ULUSAL GÜVENLİK

Sayın Mesut Yılmaz'ın, partisinin kongresinde yaptığı konuşma, gündeme oturdu. Sayın Yılmaz, ulusal güvenlik kavramının sorgulanması ihtiyacını dile getirmiştir. Bu ihtiyaç, Türkiye demokrasisinin ihtiyacıdır. Bankacılık işlemlerinden, hayvancılık kredilerine, spor sahası yapımından, kültürel etkinliklere değin içerik ve sınır belirsizliğinden kaynaklı olarak genişleyen bir "ulusal güvenlik" anlayışı kabul edilemez.

Milli Güvenlik Siyaset Belgesi'nin içeriğinden halk habersizdir. Halkın, iradesini ortaya koyarak, ülkeyi yönetme yetkisi verdiği TBMM üyeleri ve kurumsal olarak TBMM de, Milli Siyaset Belgesi'inin içeriğinden habersizdir. Dolayısıyla Belge'nin hazırlanması, uygulanması ve denetlenmesi TBMM'nin dışındadır.

Devletlerin, ulusal güvenlik ihtiyacı duymaları doğaldır. Bu ihtiyacın sınırı, insan hakları ve demokratik değerlerle çizilir. Pek çok kez dile getirdiğimiz gibi, "insan hakları olmadan güvenlik olmaz."

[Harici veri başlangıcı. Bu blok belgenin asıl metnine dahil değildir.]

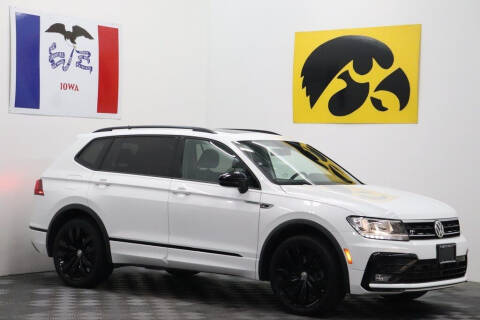 2020 Volkswagen Tiguan for sale at Carousel Auto Group in Iowa City IA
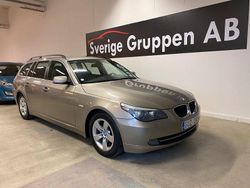 Ljusbrun (brun) Begagnad 2008 BMW 520 Kombi | 64 900 kr (Marknadspris)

Ulusal güvenliğin anlamı, içeriği, sınırları, güvenlik kurumlarında görev yapanların algılama ve yorumlamalarına göre değişiklik gösteremez. Ulusal güvenlik gerekçe gösterilerek ve her konu ulusal güvenliğin ilgi alanına sokulacak tarzda yorumlanarak, değerlendirme ve uygulama yapılamaz. Yapıldığının örneklerini, TÜSİAD için hazırladığı raporda sayın Prof.Dr.Bülent Tanör göstermiştir. (Bakınız, Demokratikleşme Perspektifleri, 1997,1999)

Dolayısıyla, ulusal güvenlik kavramı ve bu kavrama yüklenen anlam ile birlikte oluşturulan Milli Güvenlik Kurulu ve Genel Sekreterliği kurumları ve işlevleri, demokrasinin sınırları içersine çekilmelidir.

Kavramın tartışılmasını isteyen Başbakan Yardımcısı'na Genelkurmay Başkanlığı tarafından yanıt verilmesi düşündürücüdür. Hangi konuların, nerede tartışılacağının ve hangi düşüncelerin açıklanıp, hangilerinin açıklanamayacağının sınırı açıklamada çizilmektedir. Türkiye demokrasisi açısından, içeriğinden bağımsız olarak, böyle bir açıklamanın yapılmış olması, büyük bir talihsizliktir.

Kimse kimseyi tehdit etmeden, susturmadan, uygarca tartışmalıyız.
Yurtseverlik tekeli kimseye bırakılamaz.
Türkiye'de demokratik standartlar, ancak düşünerek ve düşündüğünü açıklayarak ve gerçekleşmesi için çalışarak yükseltilebilir. Tabularla değil.